Contact Your Members of Congress

Urge your Members of Congress to fully fund the Farm Bill by passing a five-year reauthorization that addresses county priorities. Programs throughout the legislation help counties and our residents make critical investments in infrastructure, workforce and economic development, nutrition and conservation for some of our nation’s most underserved communities.



Overview of the Legislative Process

Source: National Sustainable Agriculture Coalition

The legislative process used to develop and enact new Farm Bills every five years is:

Committee Action

To begin the process of drafting a new Farm Bill, the U.S. House and Senate Agriculture Committees hold a series of public hearings, both in Washington, D.C. and across the country where public and private stakeholders share perspectives and offer recommendations on Farm Bill programs. Following the conclusion of preliminary hearings, the respective agriculture committees negotiate, draft and pass through committee what are traditionally different versions of an authorization of USDA programs.

Sending the Bill to the Floor

After the House and Senate versions of the Farm Bill are passed through committee, each chamber’s Farm Bill is then debated on the floor and put to a vote.

Conference Committee

After both bills pass through their respective chambers of Congress, House and Senate leadership assign Members of Congress to a “conference committee” to reconcile the differences between the House and Senate bills into a consolidated legislative package.

Back to the Floor

After successfully reconciling a unified version of the Farm Bill, the conference committee returns the bill for consideration in the House and the Senate.

To the White House

After achieving final passage in Congress, the Farm Bill is sent to the President’s desk. The President can veto the bill, or more commonly, sign it into law.

Legislative Outlook

With Congress already moving to develop a new bipartisan Farm Bill package, a five-year reauthorization of the law appears likely upon its expiration at the end of FY 2024, though not without obstacles.

The Farm Bill contains significant amounts of mandatory nutrition funding, which has historically been a sticking point between Democrats and Republicans. In a divided 118th Congress, this will continue to complicate negotiations. Lawmakers will also face a unique challenge in formulating title funding levels due to the billons for Farm Bill programs included in the Inflation Reduction Act (IRA/P.L. 117-169).

The IRA provided nearly $40 billion for agriculture, forestry and rural development programs traditionally authorized by the Farm Bill and funded through the regular appropriations processes. Conservation and environmental programs, new technical assistance resources, and energy and drought initiatives received significant funding through the IRA.

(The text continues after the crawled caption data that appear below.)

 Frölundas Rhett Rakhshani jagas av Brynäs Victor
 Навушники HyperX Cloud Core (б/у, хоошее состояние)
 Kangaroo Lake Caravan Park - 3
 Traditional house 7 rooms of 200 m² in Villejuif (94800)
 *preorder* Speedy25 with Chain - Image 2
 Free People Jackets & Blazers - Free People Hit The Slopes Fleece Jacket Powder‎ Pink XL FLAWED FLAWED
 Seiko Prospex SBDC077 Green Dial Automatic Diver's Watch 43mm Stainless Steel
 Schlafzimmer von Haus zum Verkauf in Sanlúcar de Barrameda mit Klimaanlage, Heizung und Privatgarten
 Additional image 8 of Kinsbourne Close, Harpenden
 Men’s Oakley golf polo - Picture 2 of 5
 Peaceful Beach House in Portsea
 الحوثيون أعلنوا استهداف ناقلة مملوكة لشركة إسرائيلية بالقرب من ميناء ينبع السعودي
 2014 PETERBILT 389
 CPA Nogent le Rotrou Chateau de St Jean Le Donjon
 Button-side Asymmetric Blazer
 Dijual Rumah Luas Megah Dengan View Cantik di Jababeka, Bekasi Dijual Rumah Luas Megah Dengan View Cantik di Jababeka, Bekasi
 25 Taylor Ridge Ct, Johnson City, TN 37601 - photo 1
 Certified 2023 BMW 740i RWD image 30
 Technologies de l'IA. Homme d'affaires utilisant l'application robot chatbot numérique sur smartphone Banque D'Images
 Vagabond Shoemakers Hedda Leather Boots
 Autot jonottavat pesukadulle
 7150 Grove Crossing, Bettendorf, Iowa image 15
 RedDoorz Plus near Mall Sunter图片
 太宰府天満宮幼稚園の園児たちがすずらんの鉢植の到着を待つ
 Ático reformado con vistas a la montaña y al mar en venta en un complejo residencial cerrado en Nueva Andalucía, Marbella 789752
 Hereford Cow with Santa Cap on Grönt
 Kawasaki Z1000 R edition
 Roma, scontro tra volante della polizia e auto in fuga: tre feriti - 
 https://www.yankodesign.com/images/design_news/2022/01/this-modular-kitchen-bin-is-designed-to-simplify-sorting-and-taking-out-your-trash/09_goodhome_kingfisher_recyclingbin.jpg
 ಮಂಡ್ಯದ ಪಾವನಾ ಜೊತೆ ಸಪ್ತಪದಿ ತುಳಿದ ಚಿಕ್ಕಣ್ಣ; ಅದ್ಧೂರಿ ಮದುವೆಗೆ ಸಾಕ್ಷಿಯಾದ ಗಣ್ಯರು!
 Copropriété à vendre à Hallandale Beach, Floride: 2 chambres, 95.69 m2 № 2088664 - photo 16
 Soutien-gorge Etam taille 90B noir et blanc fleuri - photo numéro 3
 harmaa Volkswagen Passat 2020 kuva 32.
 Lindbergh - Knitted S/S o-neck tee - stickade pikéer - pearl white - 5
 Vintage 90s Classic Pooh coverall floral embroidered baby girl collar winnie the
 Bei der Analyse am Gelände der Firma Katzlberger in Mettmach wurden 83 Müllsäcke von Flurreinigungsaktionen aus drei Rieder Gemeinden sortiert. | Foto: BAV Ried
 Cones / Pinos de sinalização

Notably, the IRA invests over nine times the amount of conservation funding included in the 2018 Farm Bill for the four working land programs: Conservation Stewardship Program, Environmental Quality Incentives Program, Regional Conservation Partnership Program and Agricultural Conservation Easement Program. The IRA also extends the authorizations for these programs through 2031.

Should the U.S. Congress fail to reach a new reauthorization by September 30, 2024, the 2018 Farm Bill must be extended to prevent reverting back to dairy support pricing included in the 1949 Farm Bill, which would essentially double the retail price consumers are currently paying for dairy products and other commodities.

Cow milk

Title I: Commodity Programs

Five-Year Funding Level: $31.44 billion

The Commodity title provides farm payments when crop prices or revenues decline for major commodity crops and also includes programs to help manage production losses due to natural disasters through programs that provide cash assistance to livestock producers who face losses due to natural disasters or periods of economic downturn

Programs of Interest

Agricultural Risk Coverage (ARC) and Price Loss Coverage (PLC) Programs provide financial support for losses in income accrued by producers of certain eligible commodities.

Programs important to counties and our residents include:

HOW TO ACCESS: Eligible producers can apply for formula funding through ARC/PLC programs by working directly with the USDA-FSA staff local USDA Service Centers. Producers also have the option to apply through FSA’s online portal.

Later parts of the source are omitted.